The NPCs were trying to create a spell that would stop him but in the end it only summoned champions from across different universes. Fortunately one was Kas and he knows where Vecna would be: the Cave of Shattered Reflection on the plane of Pandemonium. It is the central vortex of all chaos. So the whole group goes there to stop him, because his victory is eminent! When they arrive, the battle starts, and they are completely wiped: but before they can all finally die, one important NPC manages to fly into the vortex and break the timeline (and destroy herself). This shunts them all back to the base.
At this point Kas reveals that he had a backup plan, based on what he knows about Vecna and his plans: re-creating the Rod of Seven Parts. It is the ultimate form of Law on multiple universes, so it should be enough to stop the ritual, which is the ultimate form of chaos. However, Vecna foresaw this of course and shattered it into 7 parts, each of which was flung into various universes and timelines. The casters get together and start to research where these parts may be; they believe the NPC's sacrifice gave them enough time to put it all together before Vecna can recreate the timeline he was just in. They're trying to figure out where all the parts are; the party is free to go about this however they want, but everyone else has been severely weakened and several of their universes are crumbling.
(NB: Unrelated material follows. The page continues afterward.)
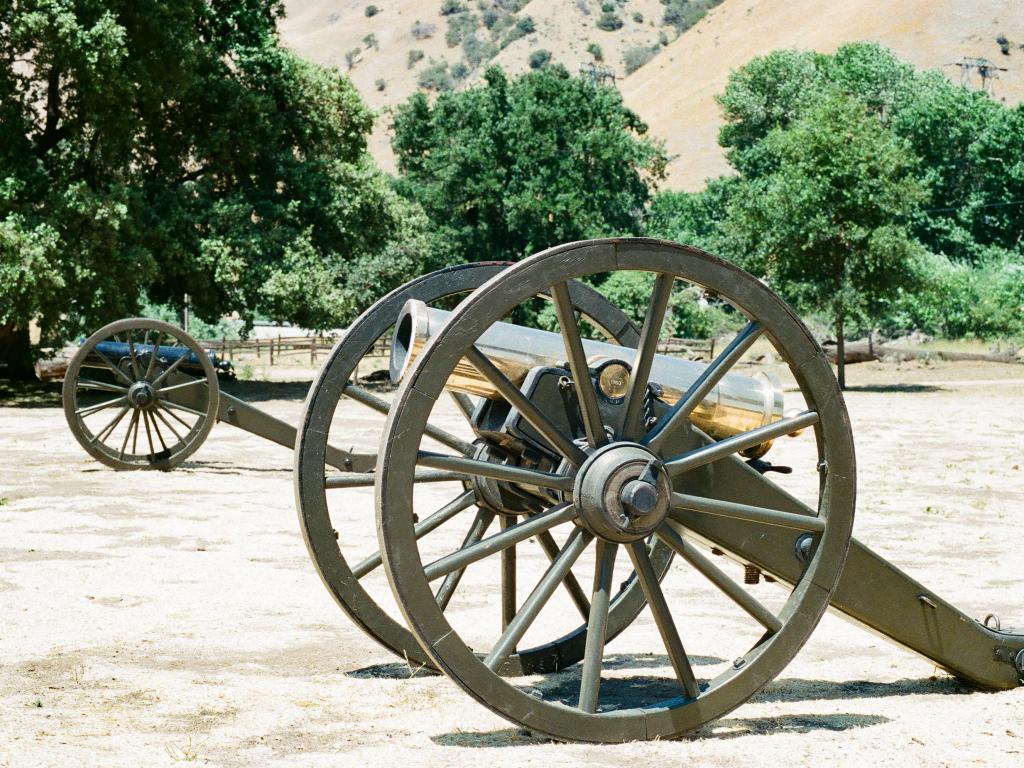Historic cannons at the Fort Tejon State Historic Park near Lebec in California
The party is from a newer universe and it hasn't been completely mined of secrets by Vecna yet, so they still have the ability go on. Once the rod has been re-created, they can use the remaining bits of their combined powers to send the party back to the same point in the battle - without their help this time - and they can try to stop Vecna again.
The big problem with all this, though, is that teleportation magic has been locked down across the multiverse; Vecna has foreseen that someone might try to reassemble the parts and has stolen part of the Weave - the core of all time and existence - that aligns with conjuring. However, Tasha realizes that there's one way to travel that doesn't rely on conjuration: fey magic. Fey magic works on belief and whimsy, and not a fundamental law of the universe. She is able to use her future self to send the Witchlight carnival to their base, which can take them to all the places they need to go. They roughly choose the order, based on how their NPC allies are discovering the locations, and are occasionally ambushed while traveling by one of Vecna's incarnations that will end up shunting them into side universes from which they need to find a way out. Also, the other NPCs are gradually removed as they return to their timelines... which are fading away.
Once the party gets the rod, Kas will do his betrayal shenanigans, and once that's settled they can head back to the "final" battle. However, even beating Vecna here isn't enough: they know he'll just reform and probably try the whole thing again sometime in the future. The only way to make sure they stop him for good is to find his phylactery - and that must be located in the one place where Vecna would know it would still exist: in the universe where he is the only god. Fortunately conjuration magic has been restored, so the party can immediately head to the ultimate domain of Vecna for the REAL final showdown, and then destroy his phylactery once and for all.
It's corny and still a little railroady, but just as cinematic and much more personal. Just throwing this out into the ether for anyone who wants it!